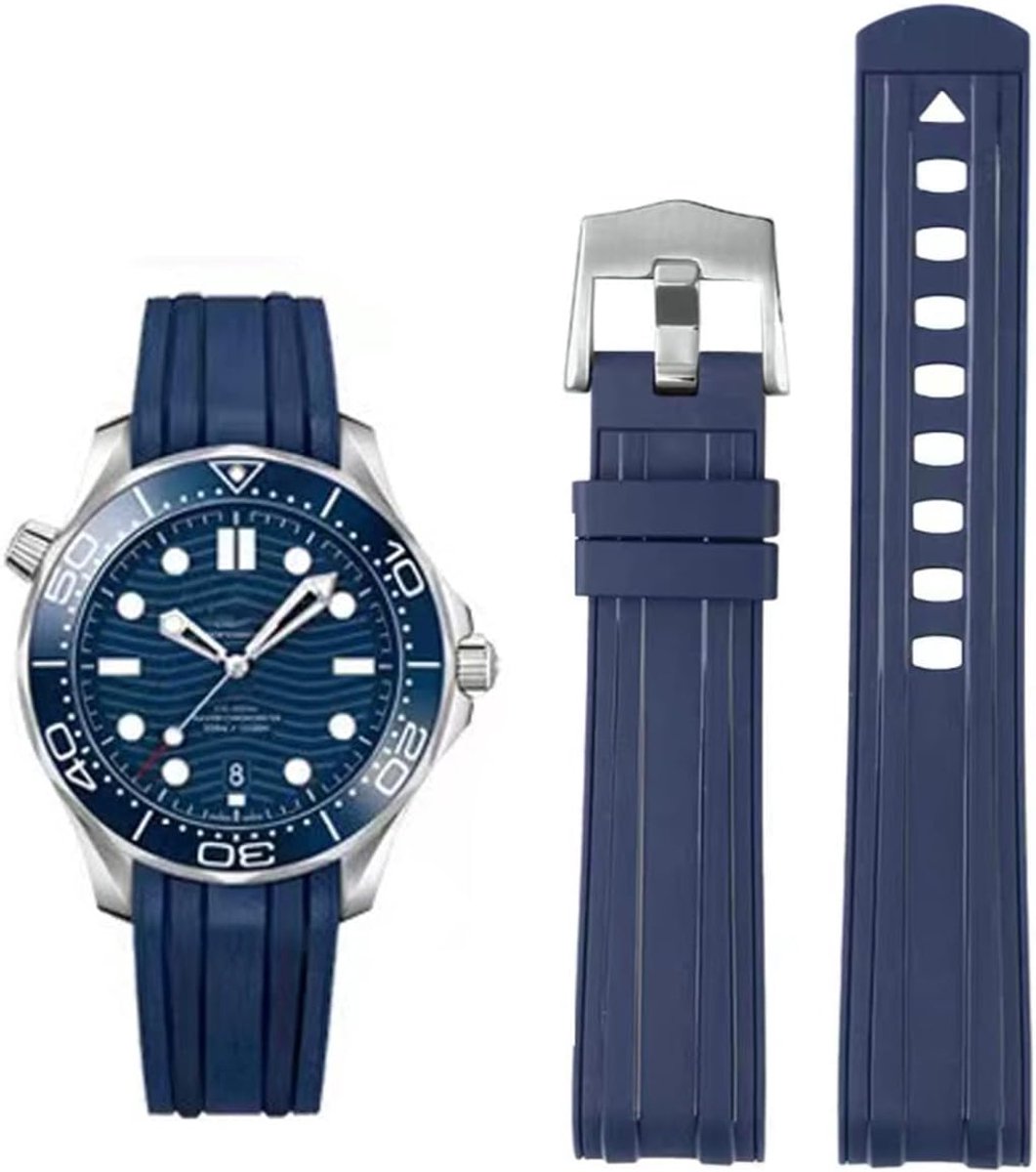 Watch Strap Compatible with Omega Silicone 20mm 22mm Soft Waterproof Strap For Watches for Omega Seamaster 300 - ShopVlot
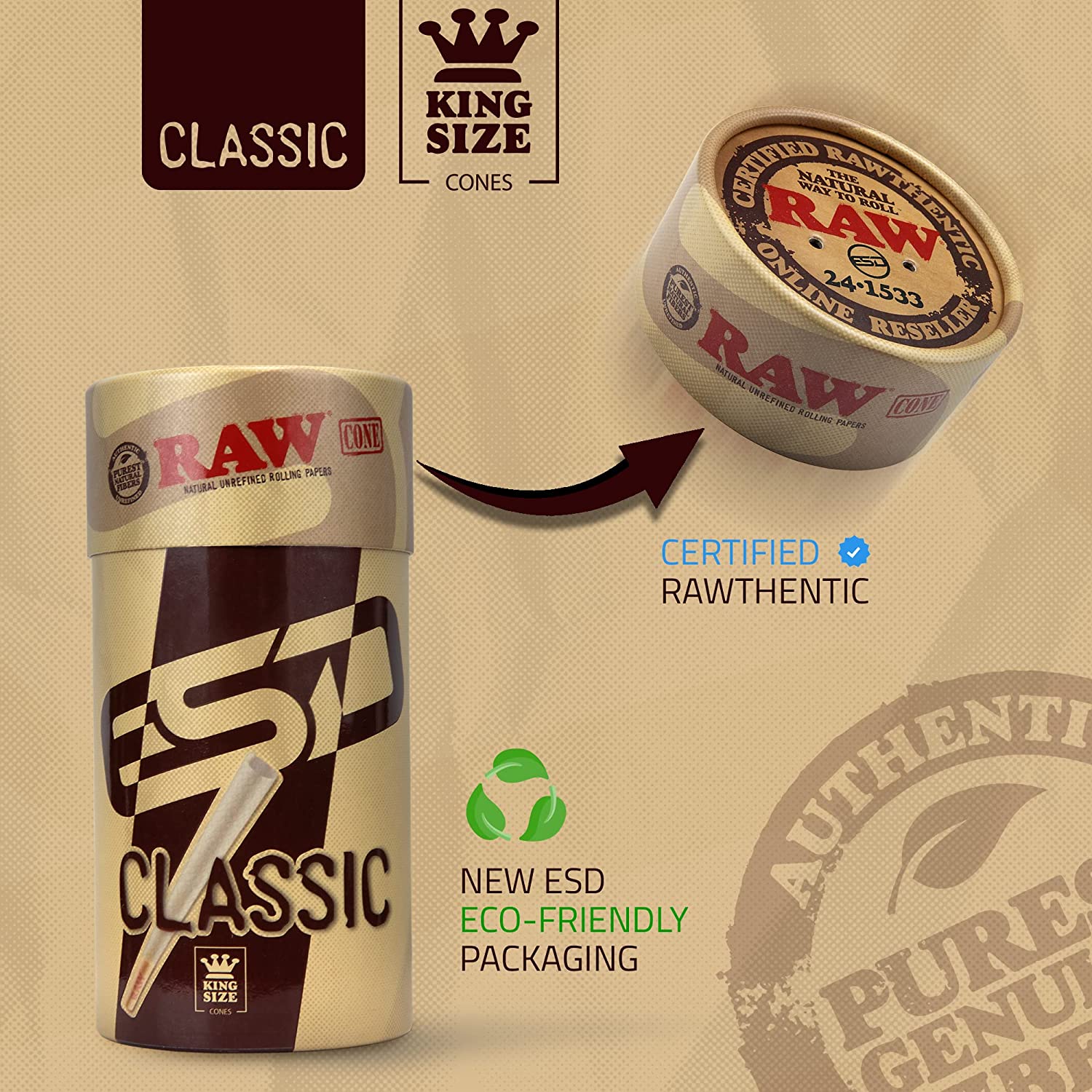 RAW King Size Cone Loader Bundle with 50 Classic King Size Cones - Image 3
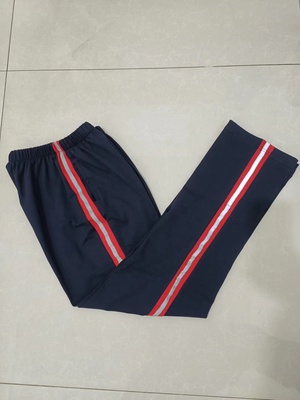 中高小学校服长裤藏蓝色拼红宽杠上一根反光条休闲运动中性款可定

## TRY IT:
When you copy the lines above, drop the pictures and keep everything else exact.

## ANSWER BELOW:
 Watch Strap Compatible with Omega Silicone 20mm 22mm Soft Waterproof Strap For Watches for Omega Seamaster 300 - ShopVlot
 RAW King Size Cone Loader Bundle with 50 Classic King Size Cones - Image 3
 中高小学校服长裤藏蓝色拼红宽杠上一根反光条休闲运动中性款可定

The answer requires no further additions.